- As interest rates have surged in the past two years, dividend strategies have been among those most impacted as bond yields pose real competition for investor dollars for the first time in 15 years.
- This has come alongside a resurgence in technology stocks, leading to shades of 2000 when investors wondered why to bother with dividend stocks at all.
- In Canada in particular, reinvested dividends have been a significant driver of total return, and we don’t expect that to change.
- Dividend payment is great, but dividend growth is better, and these companies continue to lead with lower volatility.
- Today’s TSX dividend yield is largely in line with history, providing a boost to return over and above capital appreciation.
- We expect dividend stocks to see renewed interest when interest rates fall, and until then we are getting paid handsomely to wait.
Why do we care so much about dividends, anyway?
We have been discussing the merits of dividend investing on these (digital) pages for north of a decade, but in the past few years there is no doubt that investor attention has turned to the more exciting prospects of growth stocks, particularly south of the border.
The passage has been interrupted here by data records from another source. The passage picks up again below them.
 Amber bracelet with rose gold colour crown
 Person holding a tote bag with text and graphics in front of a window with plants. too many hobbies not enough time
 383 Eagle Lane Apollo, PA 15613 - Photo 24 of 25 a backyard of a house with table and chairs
We think this is a good opportunity to go back to first principles – why are dividends so important, particularly for Canadian investors? Aside from being more tax efficient than interest income, dividends and the gains upon their reinvestment have accounted for the majority of the TSX’s long-term return, as illustrated below.

Dividends have been a powerful differentiator for Canadian stocks…
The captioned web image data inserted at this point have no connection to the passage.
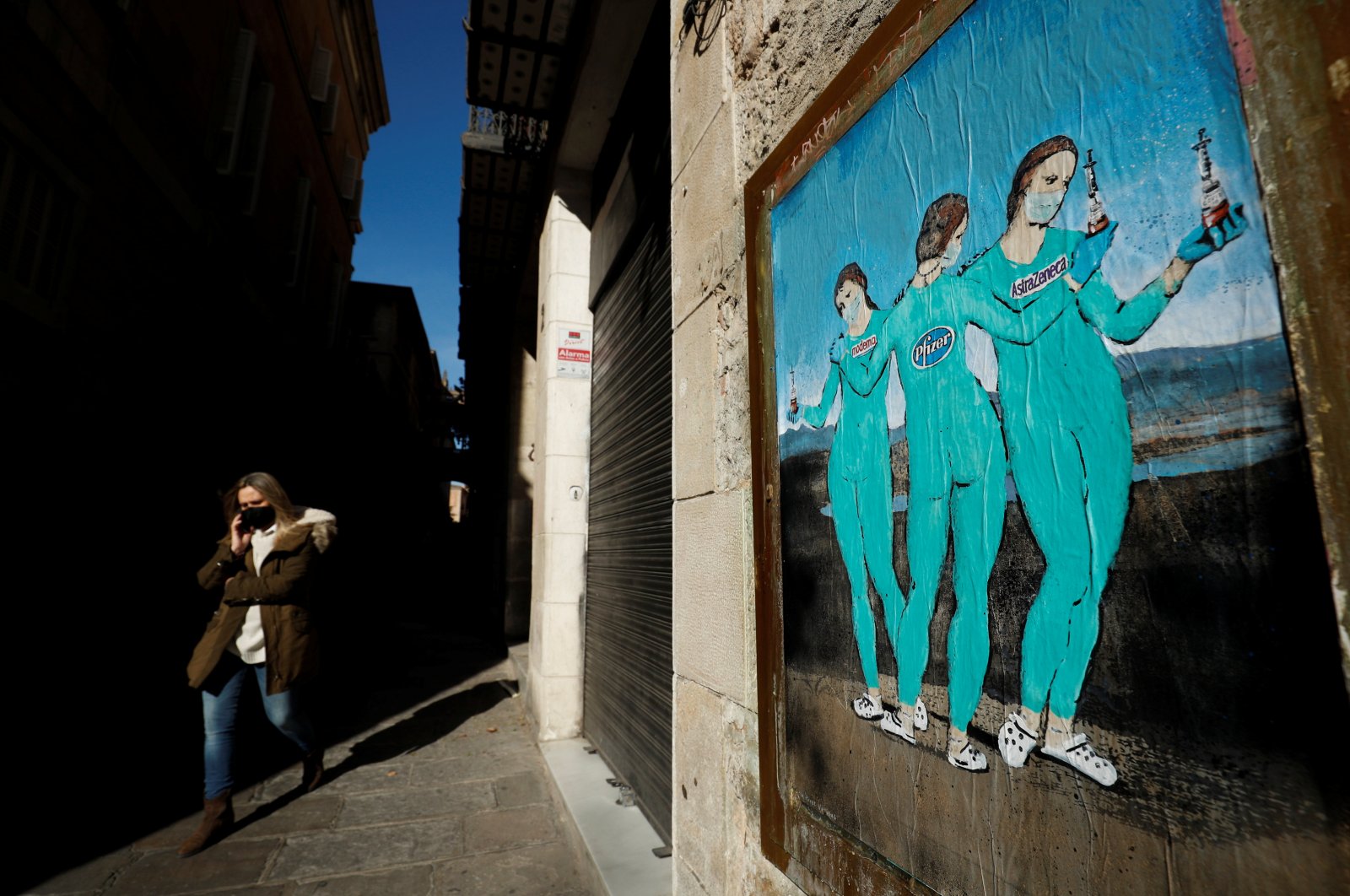 A woman wearing a protective face mask walks past a painting representing the Moderna, Pfizer and AstraZeneca vaccines on Bisbe street in Barcelona, Spain, Jan. 27, 2021. (Reuters Photo)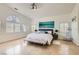 Spacious main bedroom features travertine floors, plantation shutters, and a modern ceiling fan at 1925 Grey Eagle St, Henderson, NV 89074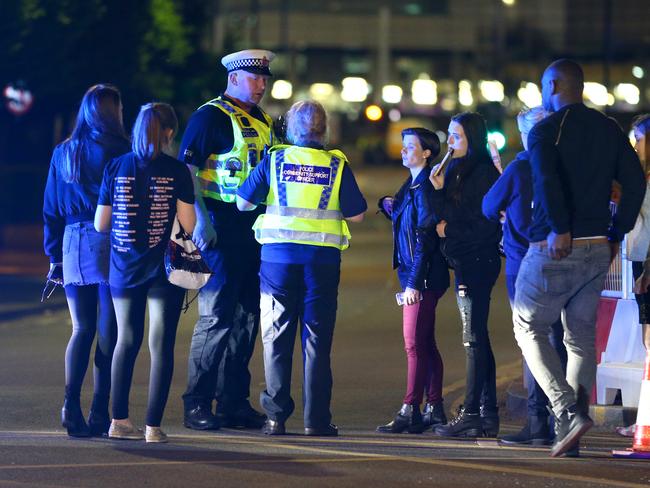 Police and fans close to the Manchester Arena after the blast. Picture: Getty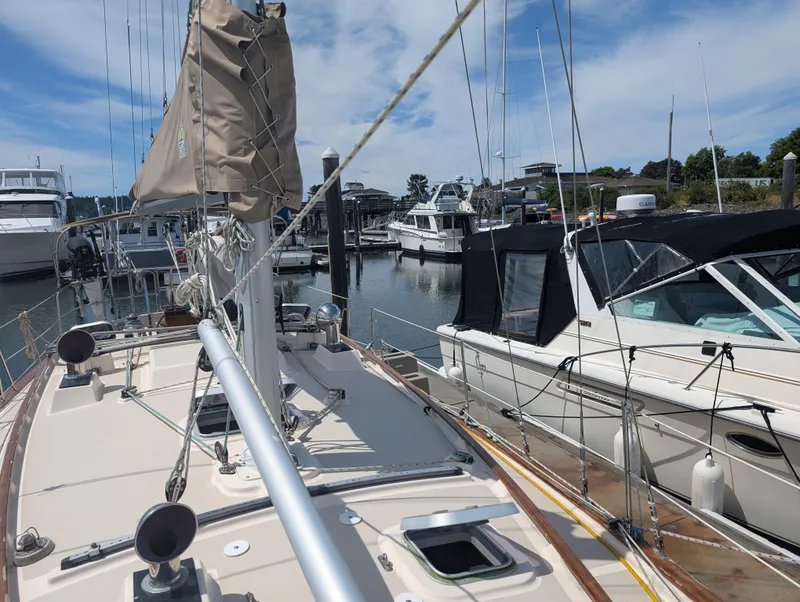 Slide: The Image of 1994 Island Packet 35 sailboat docked in a marina, surrounded by other boats. - 14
It is worth remembering that historically dividend paying stocks (and particularly those that grow their dividend) have significantly outperformed the TSX and have left companies that cut or don’t pay a dividend in the dust over the long term. In fact, the long-term return of non-dividend payers in Canada has more in common with Treasury Bills than the TSX’s return.

… and have outperformed with less drama
At the same time, this performance has come with lower volatility than the TSX, and much lower volatility than those stocks that reduce or don’t provide any cash flow to investors. Higher performance with lower volatility is something of a holy grail for equity investors, and is the main reason we have been attracted to dividend growth stocks in Canada.
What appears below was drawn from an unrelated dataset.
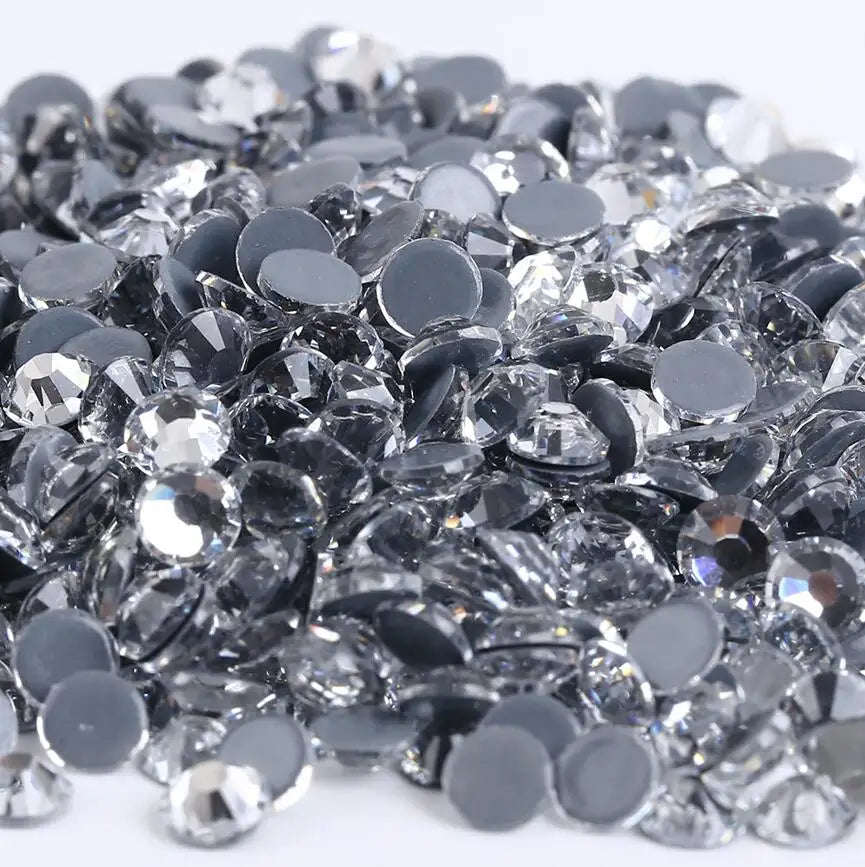 A pile of clear and black crystal AB flatback rhinestones for crafts and decor.
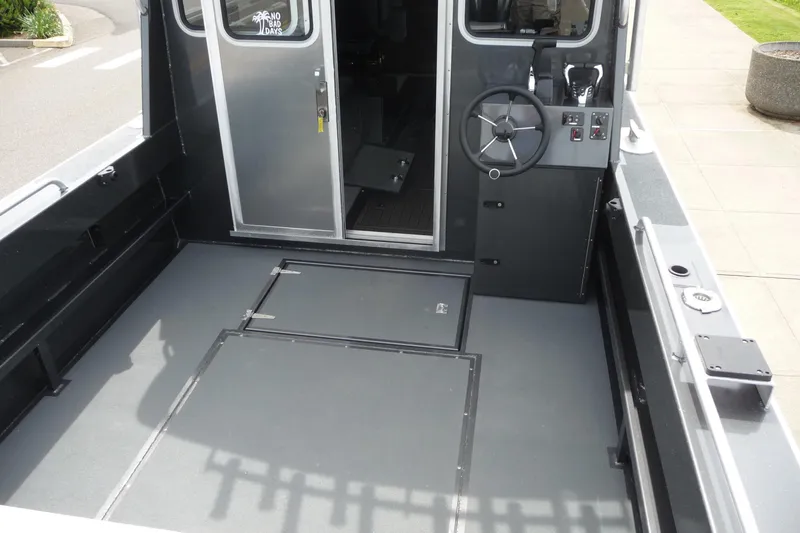 Slide: The Image of 2025 North River 2700s boat interior with steering wheel and storage compartments. - 15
Eventual rate cuts will be key for dividend stocks
The simple reason that many dividend stocks have lagged of late is that there is now material competition from bonds. Back when yields were 1-2%, a 4-5% dividend (tax-advantaged) looked terrific and investor dollars chased these cash flows. With bonds today in the 4-5% range themselves, investors are demanding a higher yield from dividend stocks, particularly those without a lot of growth. In our view, many of these cash-flow focused investors will come back to dividends when bond yields start to fall below their targeted yield, making the yields on dividend stocks more attractive. We may find that some of these dividend stocks even outperform bonds as yields fall and in the meantime we are being paid handsomely to wait.
It is not unusual for some investors to question the purpose of dividend investing in an era where growth is ascendant, but we would like to make note of some interesting recent developments. In case there was any doubt to the value of dividends, two of the world’s largest technology companies initiated a dividend for the first time this year. This means that since the start of 2024, we have gone from two of the “Magnificent 7” technology stocks paying a dividend to four of them, a majority. So don’t take our word for it – the titans of technology seem to be on board the dividend train as well!